» **DATA UNDER STUDY**:
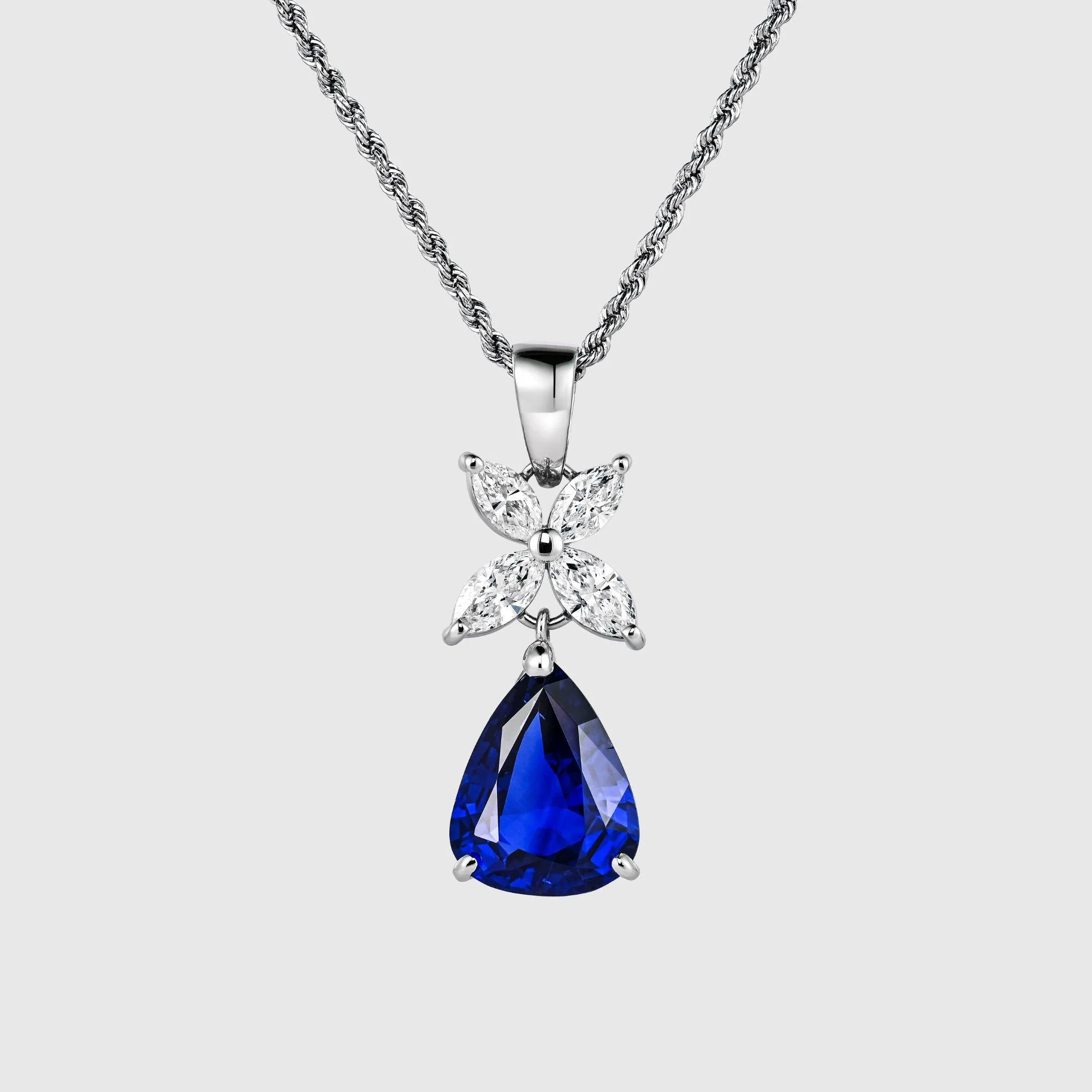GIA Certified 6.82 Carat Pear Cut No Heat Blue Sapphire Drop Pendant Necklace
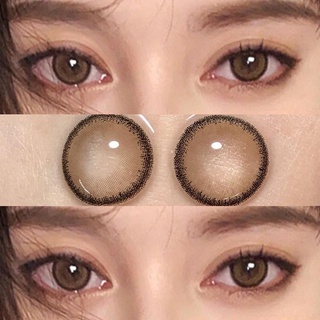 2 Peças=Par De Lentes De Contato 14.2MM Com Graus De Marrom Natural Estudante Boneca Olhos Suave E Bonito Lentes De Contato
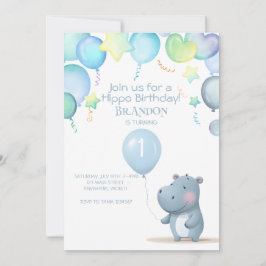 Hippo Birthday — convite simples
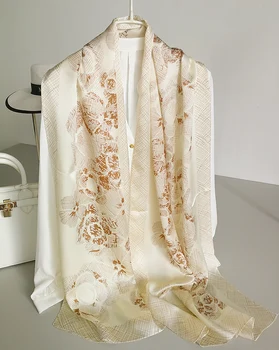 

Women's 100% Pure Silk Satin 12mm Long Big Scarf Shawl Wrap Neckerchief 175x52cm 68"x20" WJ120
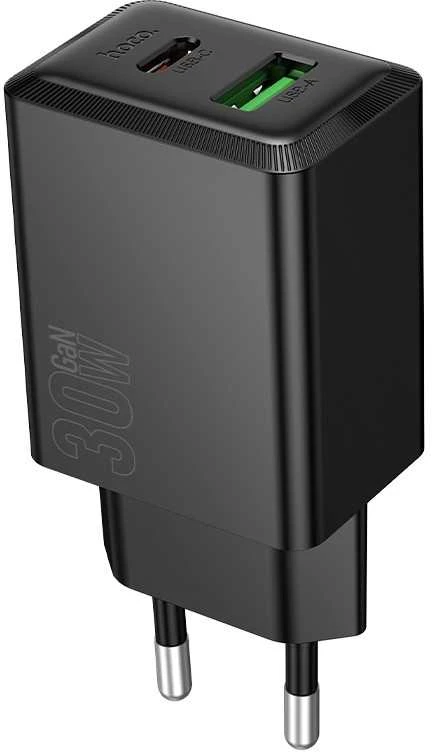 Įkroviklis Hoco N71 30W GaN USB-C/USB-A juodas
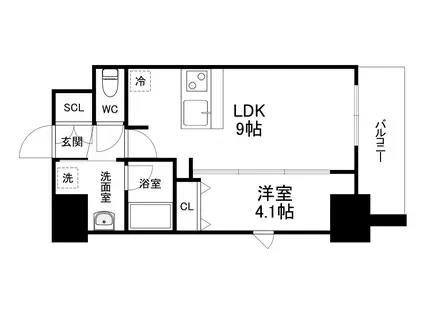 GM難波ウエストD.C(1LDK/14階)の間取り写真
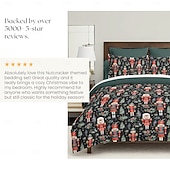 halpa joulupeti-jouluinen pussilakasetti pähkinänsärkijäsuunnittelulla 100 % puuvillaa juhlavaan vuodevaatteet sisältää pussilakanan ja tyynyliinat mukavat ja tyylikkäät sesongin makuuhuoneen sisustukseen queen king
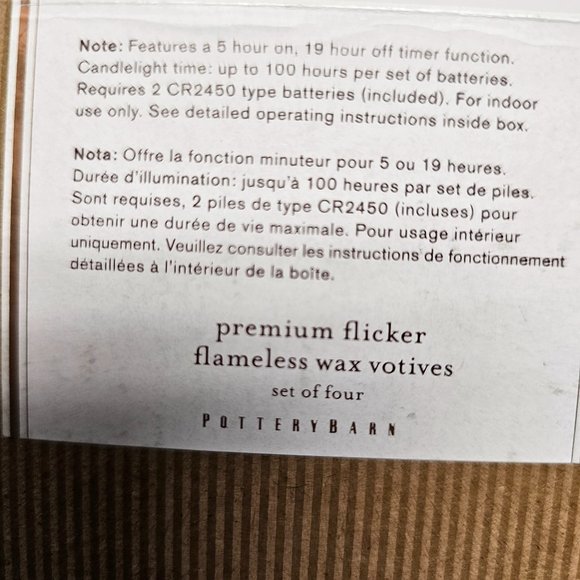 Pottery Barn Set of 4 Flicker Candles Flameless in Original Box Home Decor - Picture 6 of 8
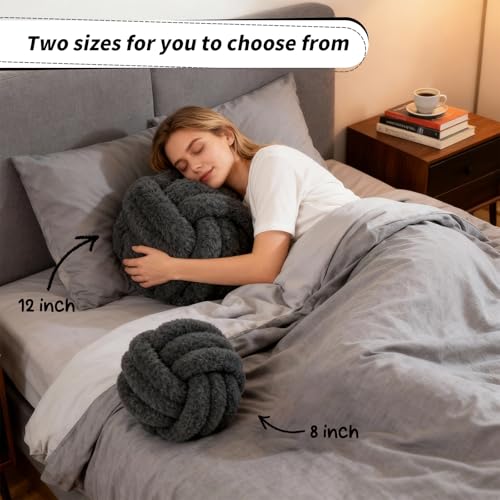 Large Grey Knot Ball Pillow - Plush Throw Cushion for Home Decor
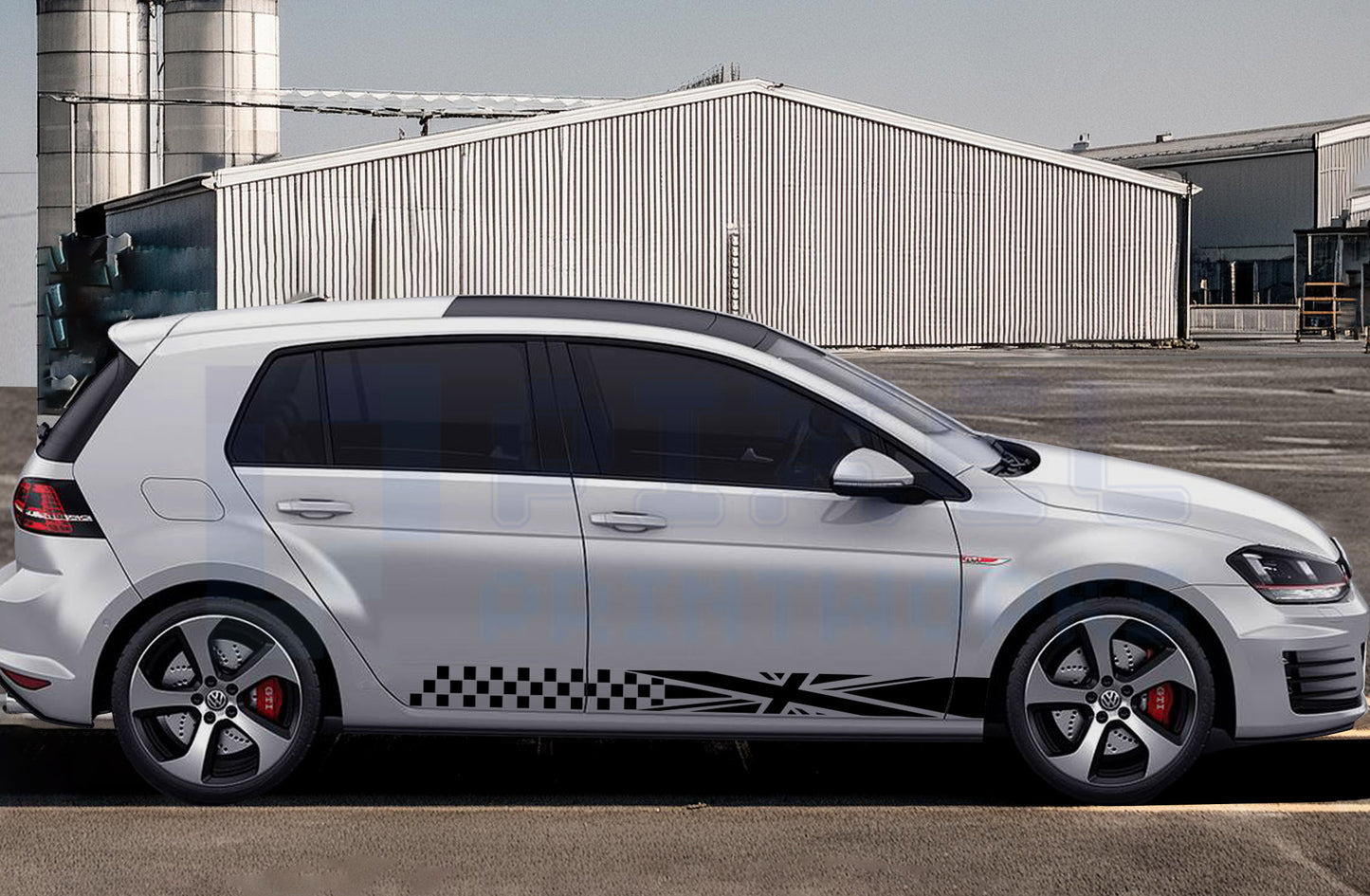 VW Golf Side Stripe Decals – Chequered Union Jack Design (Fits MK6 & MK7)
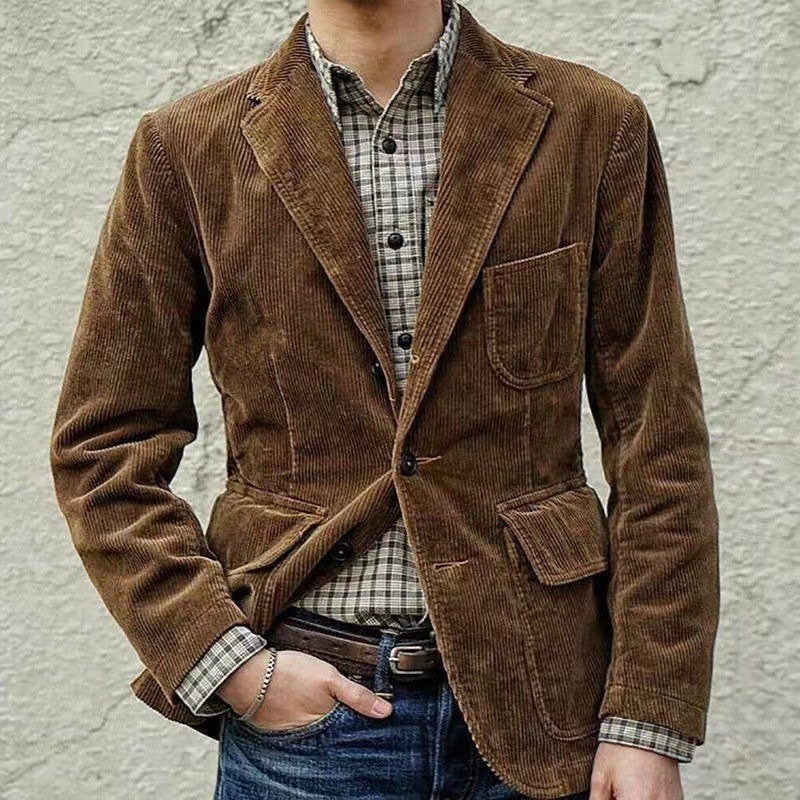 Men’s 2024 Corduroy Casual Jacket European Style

» **ASSIGNMENT**: The answer should be the complete listing, set down exactly, without pictures.

» **ANSWER TO THIS TASK**:
GIA Certified 6.82 Carat Pear Cut No Heat Blue Sapphire Drop Pendant Necklace
 2 Peças=Par De Lentes De Contato 14.2MM Com Graus De Marrom Natural Estudante Boneca Olhos Suave E Bonito Lentes De Contato
 Hippo Birthday — convite simples

Women's 100% Pure Silk Satin 12mm Long Big Scarf Shawl Wrap Neckerchief 175x52cm 68"x20" WJ120
 Įkroviklis Hoco N71 30W GaN USB-C/USB-A juodas
 GM難波ウエストD.C(1LDK/14階)の間取り写真
 halpa joulupeti-jouluinen pussilakasetti pähkinänsärkijäsuunnittelulla 100 % puuvillaa juhlavaan vuodevaatteet sisältää pussilakanan ja tyynyliinat mukavat ja tyylikkäät sesongin makuuhuoneen sisustukseen queen king
 Pottery Barn Set of 4 Flicker Candles Flameless in Original Box Home Decor - Picture 6 of 8
 Large Grey Knot Ball Pillow - Plush Throw Cushion for Home Decor
 VW Golf Side Stripe Decals – Chequered Union Jack Design (Fits MK6 & MK7)
 Men’s 2024 Corduroy Casual Jacket European Style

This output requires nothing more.